La compensation émotionnelle est-elle un trouble du comportement alimentaire (TCA) ?

Pas nécessairement. Manger en réponse à une émotion est un comportement très courant et ne constitue pas en soi un TCA. Cependant, si les épisodes sont très fréquents, incontrôlables, accompagnés de culpabilité intense ou de comportements compensatoires (restriction, purge), il est important d'en parler à un professionnel de santé. La frontière se situe dans l'intensité, la fréquence et la souffrance associée.

Faut-il suivre une thérapie pour arrêter de manger ses émotions ?

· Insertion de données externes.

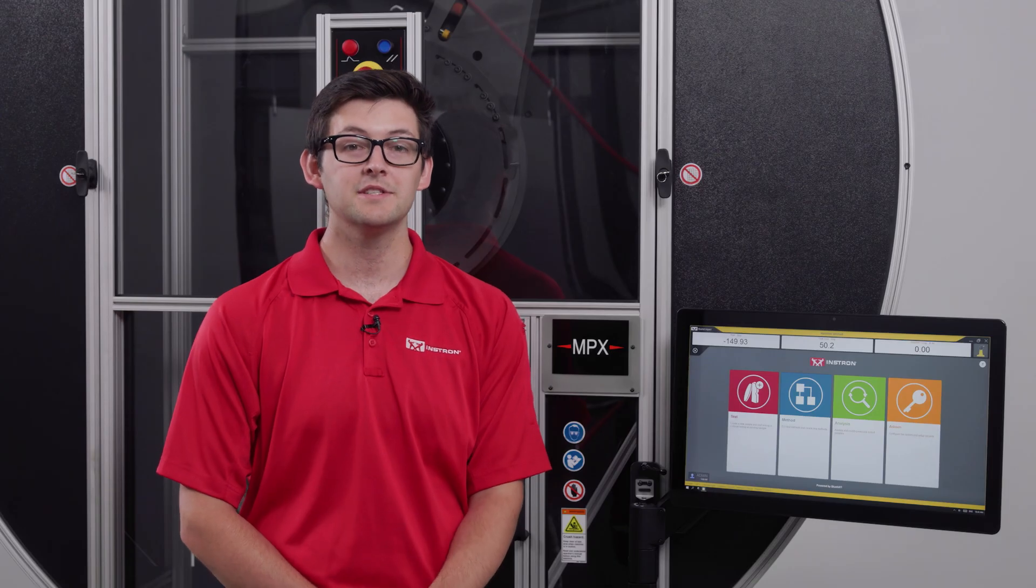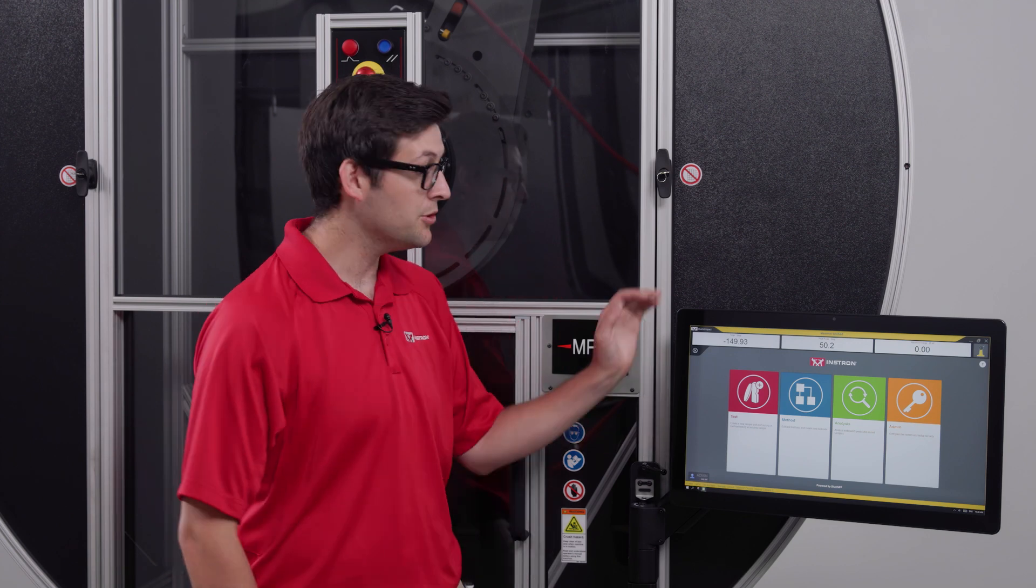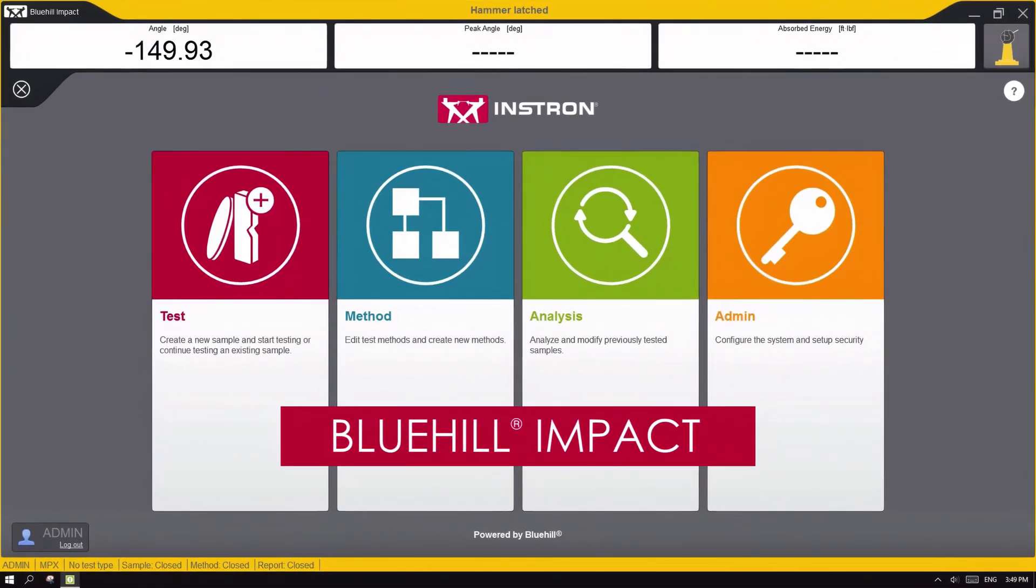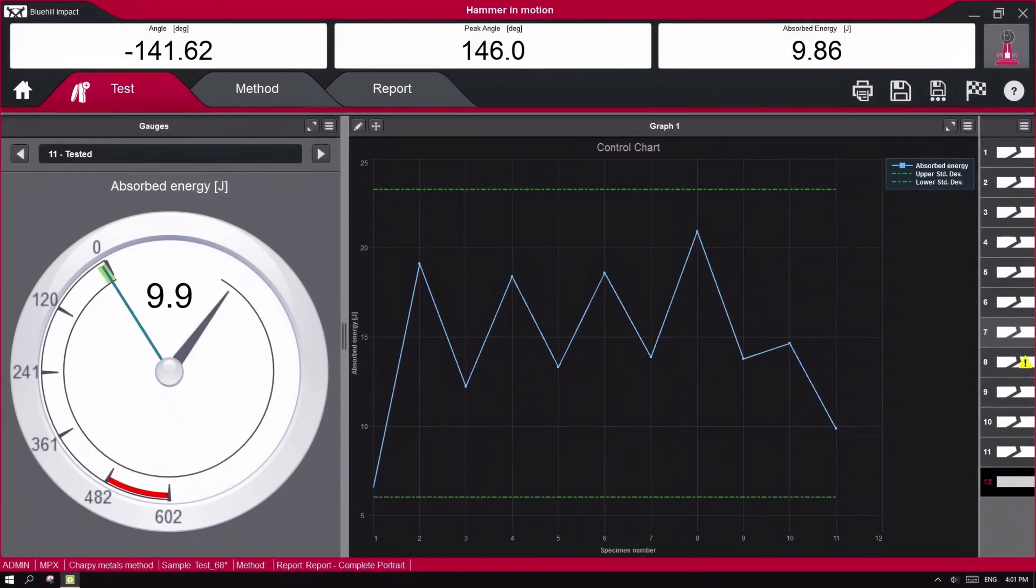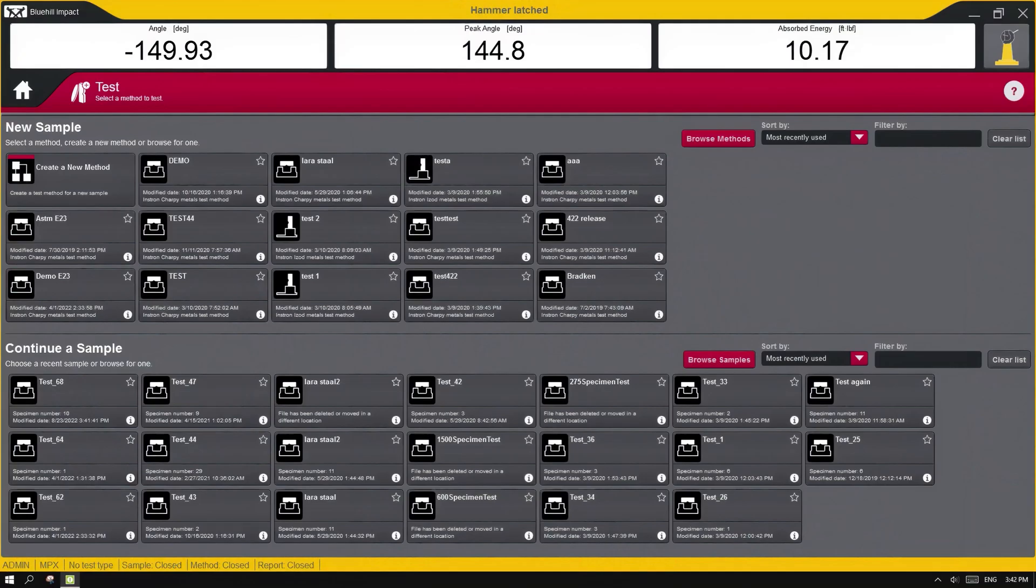Now that we've discussed the overall system, let's take a look at the software. Bluehill Impact is our pendulum impact testing platform designed for touch operation on a dashboard that gets mounted directly to the MPX.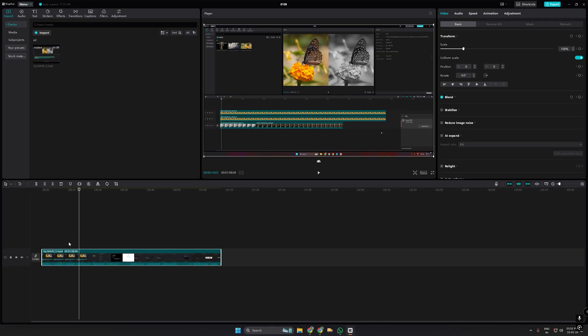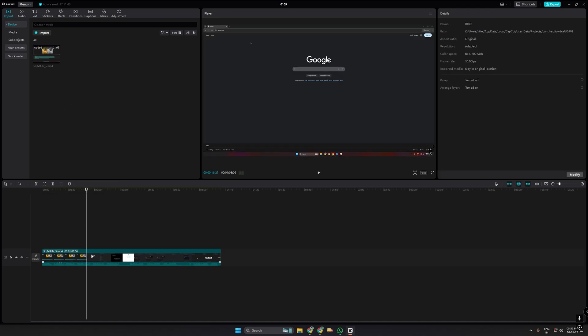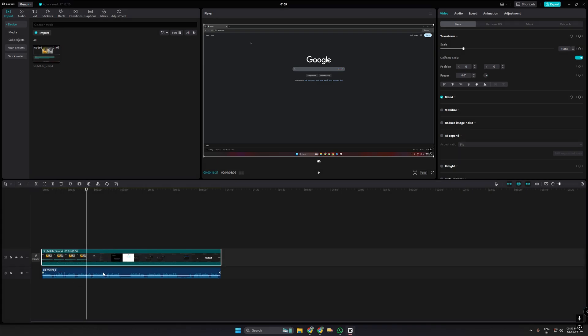Start by opening your project in CapCut PC and locating the audio track you want to modify. If your audio is part of a video clip, right-click on the video and select Extract Audio to separate it.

Une thérapie peut être très utile, mais ce n'est pas le seul chemin. Pour beaucoup de femmes, le travail sur la nutrition (notamment la stabilisation de la glycémie avec l'IG Bas), combiné à une meilleure compréhension de ses émotions et à des outils pratiques du quotidien, suffit à transformer le rapport à la nourriture. Si la souffrance est importante ou que des traumatismes sont impliqués, un accompagnement psychologique est recommandé en complément.

Comment distinguer la faim émotionnelle de la faim physiologique ?

La faim physiologique arrive progressivement, se manifeste dans le ventre (gargouillis, sensation de creux), et peut être satisfaite par n'importe quel aliment. La faim émotionnelle arrive soudainement, se manifeste dans la tête, et cible un aliment précis (souvent sucré). Après avoir mangé, la faim physiologique procure de la satisfaction, tandis que la faim émotionnelle laisse souvent un sentiment de culpabilité ou de vide.